=== Exercise description ===
Repeat the listing below word for word, minus the pictures.

==== Recorded data

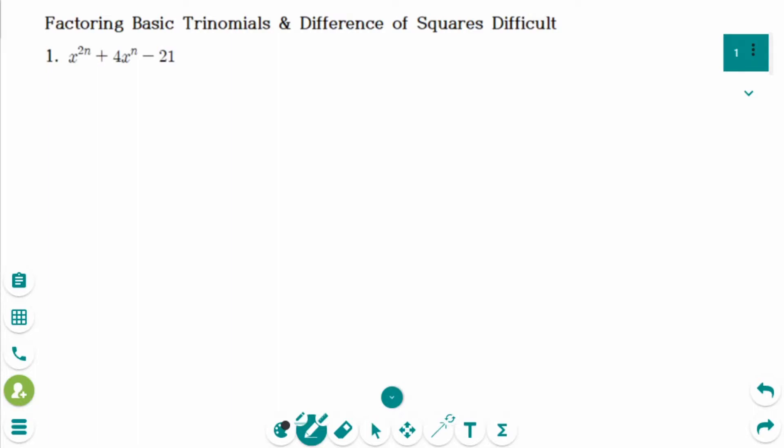This video will cover difficult level questions regarding the topic of factoring basic trinomials and difference of squares.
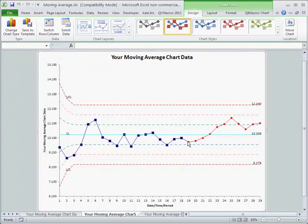And so, we know that our process has shifted and we need to go back and do some analysis on that special cause and see what's going on here.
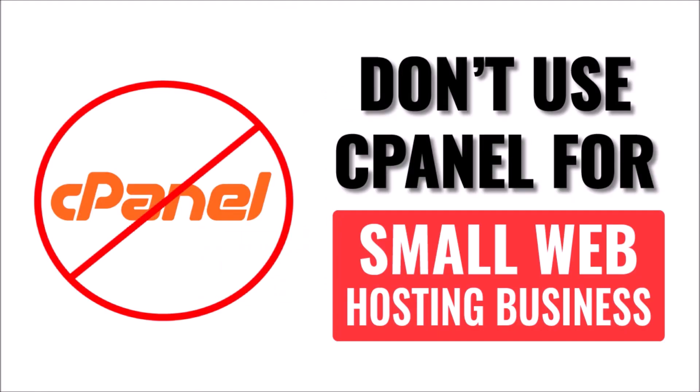In this video I'm going to give you six reasons why I don't use cPanel for my small web hosting business and I don't recommend that you do it either.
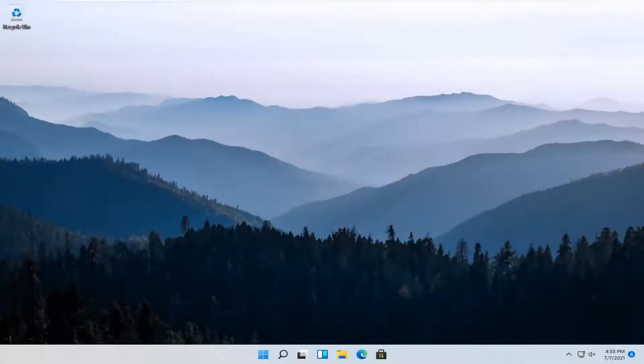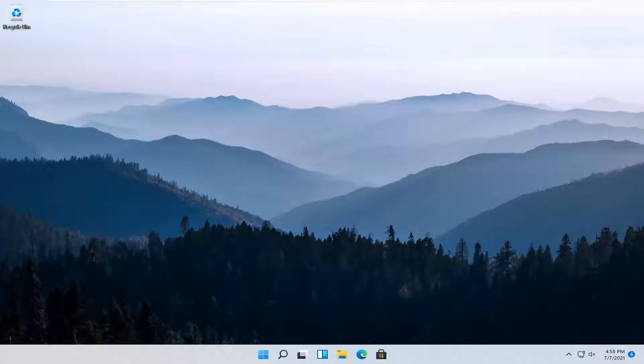Hello everyone, how are you doing? This is MD Tech here with another quick tutorial. In today's tutorial, I'm going to show you guys how to add a work or school account on your Windows 11 computer. This should hopefully be a pretty straightforward tutorial.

========

=== Written solution ===
This video will cover difficult level questions regarding the topic of factoring basic trinomials and difference of squares.
And so, we know that our process has shifted and we need to go back and do some analysis on that special cause and see what's going on here.
In this video I'm going to give you six reasons why I don't use cPanel for my small web hosting business and I don't recommend that you do it either.
Hello everyone, how are you doing? This is MD Tech here with another quick tutorial. In today's tutorial, I'm going to show you guys how to add a work or school account on your Windows 11 computer. This should hopefully be a pretty straightforward tutorial.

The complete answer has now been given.